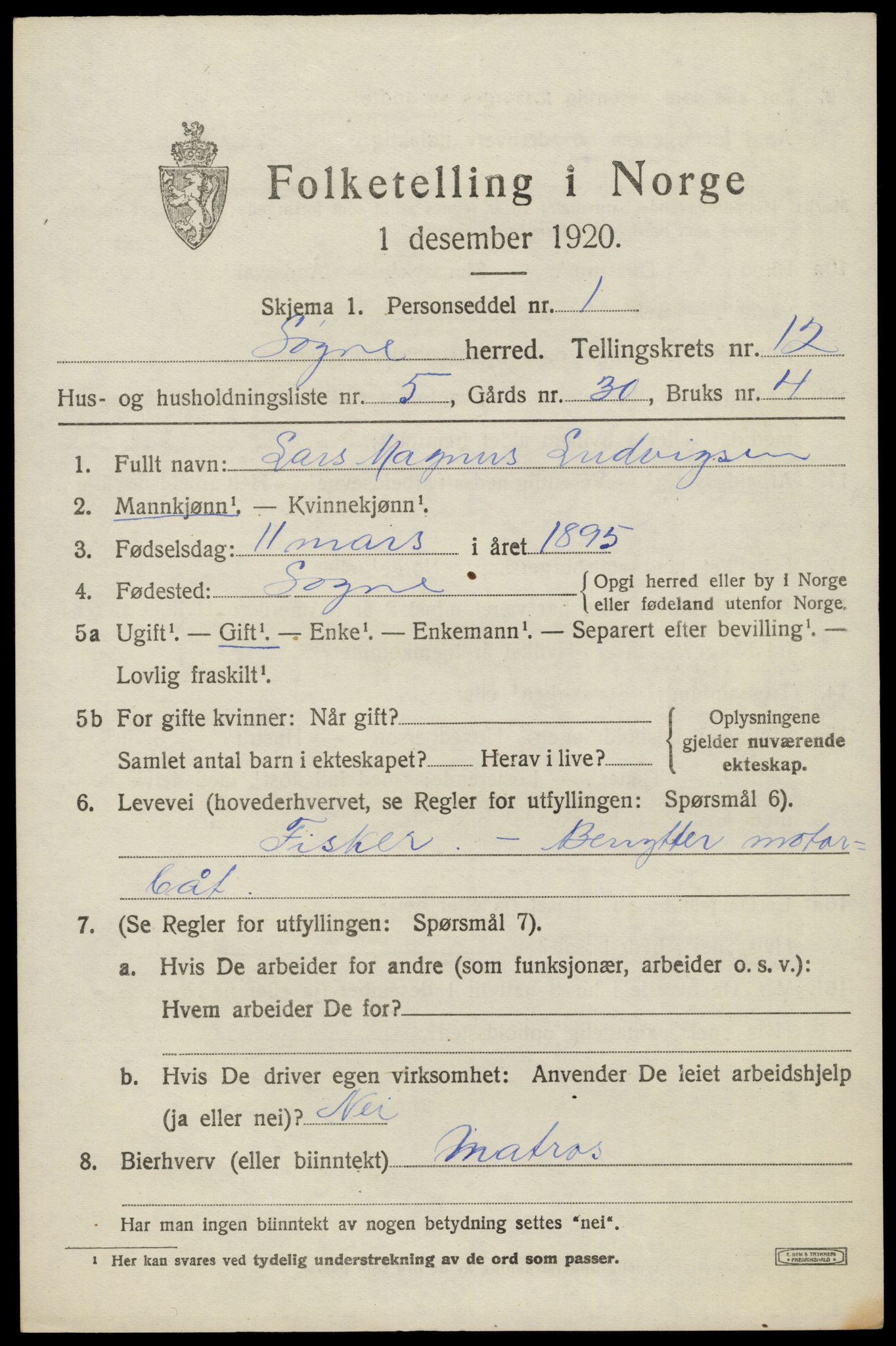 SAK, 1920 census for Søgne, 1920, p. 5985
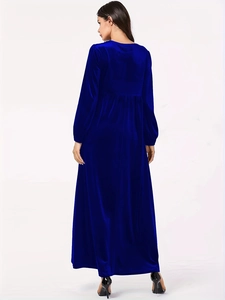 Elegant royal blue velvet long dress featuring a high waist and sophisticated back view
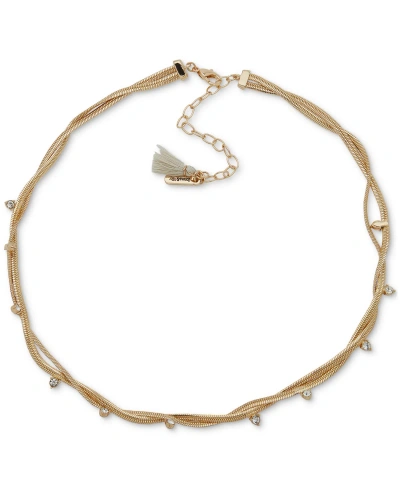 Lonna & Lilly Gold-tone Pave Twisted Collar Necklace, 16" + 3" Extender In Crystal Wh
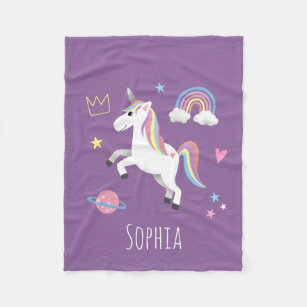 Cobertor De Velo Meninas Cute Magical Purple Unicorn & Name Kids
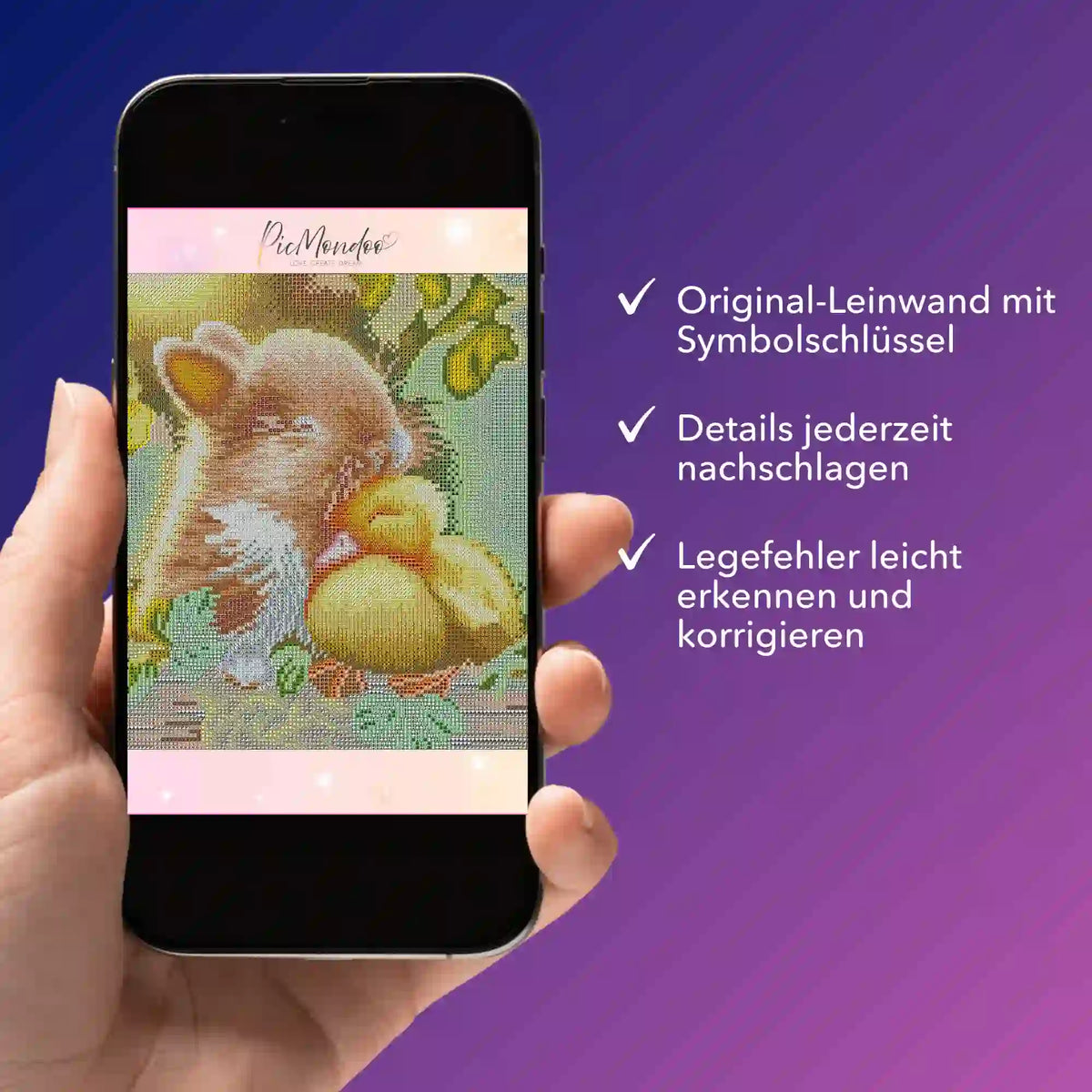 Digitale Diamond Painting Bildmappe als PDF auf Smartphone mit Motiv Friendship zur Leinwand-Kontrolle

__Work required__. The copy you produce must hold all the records above exactly and none of their pictures.

__Answer section__.
 SAK, 1920 census for Søgne, 1920, p. 5985
 Elegant royal blue velvet long dress featuring a high waist and sophisticated back view
 Lonna & Lilly Gold-tone Pave Twisted Collar Necklace, 16" + 3" Extender In Crystal Wh
 Cobertor De Velo Meninas Cute Magical Purple Unicorn & Name Kids
 Digitale Diamond Painting Bildmappe als PDF auf Smartphone mit Motiv Friendship zur Leinwand-Kontrolle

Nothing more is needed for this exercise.